Los derribos que no hay que olvidar
Medio siglo desde que se produjera el derribo del Palacio Real de València, en el año 1859 se inicia el de uno de los más impresionantes palacios de la ciudad: el que el embajador Vich tenía en la actual calle del mismo nombre y que fue construido en 1525. El famoso patio, cuyos mármoles trajo desde Italia en barco, y que se trataban de una auténtica innovación estilística en una ciudad sumergida todavía en el estilo gótico, fueron salvados in extremis aunque sus piezas fueron dispersadas (muchas de estas instaladas en el convento del Carmen). Hoy el patio podemos disfrutarlo reconstruido en el Museo de Bellas Artes. Otro palacio importante desaparecido, tras su derribo en 1960, es el Parcent que se hallaba en la plaza homónima, junto a la iglesia de las Escuelas Pías.

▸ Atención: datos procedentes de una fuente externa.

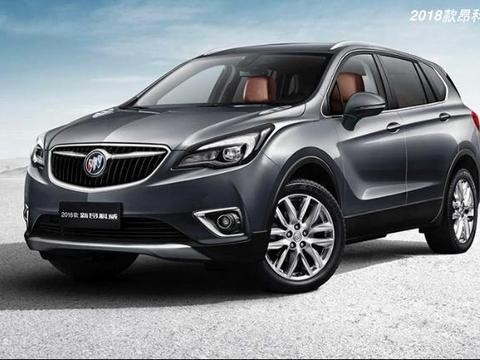 2018款昂科威彻底解决断轴问题, 但价格上涨了, 销量仍不及途观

El derribo del Castillo de Ripalda en el año 1968 es otro de esos momentos oscuros. Esta construcción historicista, neogótica encantadora, fue construida en el año 1889 obra de Joaquín Arnau. Tras ello se levantó en su emplazamiento la celebérrima “pagoda”. Un edificio interesante arquitectónicamente realizado entre 1967 y 1973, pero que no justifica su existencia a costa de hacer desaparecer una construcción prexistente que hoy estaría protegida sin lugar a dudas. Penosa también fue también la eliminación de la monumental explanada de la Plaza del Ayuntamiento, obra de Javier Goerlich y su mercado de flores subterráneo. Unos elementos arquitectónicos hoy en día que sólo podemos apreciar a través de la fotografía, en pos de una superficie apática y adormecedora, y cuyos momentos de gloria se producen cuando alberga las mascletás de la semana fallera.
Errores en forma vegetal
Hubo un tiempo en que los criterios empleados en el ornato arbóreo del centro de la ciudad parece que no tenían en cuenta que los árboles crecen, algunos mucho, y que se corre el riesgo de que estos no nos dejen ver lo que hay tras ellos. Si el edificio es patrimonio de la humanidad la cosa es más grave. Un caso evidente, y tratado en alguno otra ocasión en diversos foros, es la clase de arbolado empleado a lo largo y ancho de la plaza del mercado, principalmente frente a la Lonja, un monumento que prácticamente durante más de medio año es imposible contemplar decentemente. Igual sucede con algunos de los árboles que fueron plantados en su momento frente a la Catedral para añadir una desdicha más a esa plaza. Porque ¿qué decir de ese abeto propio de latitudes más septentrionales, que parece tener envidia del Miguelete y no ceja en el empeño de hacerle sombra algún día?.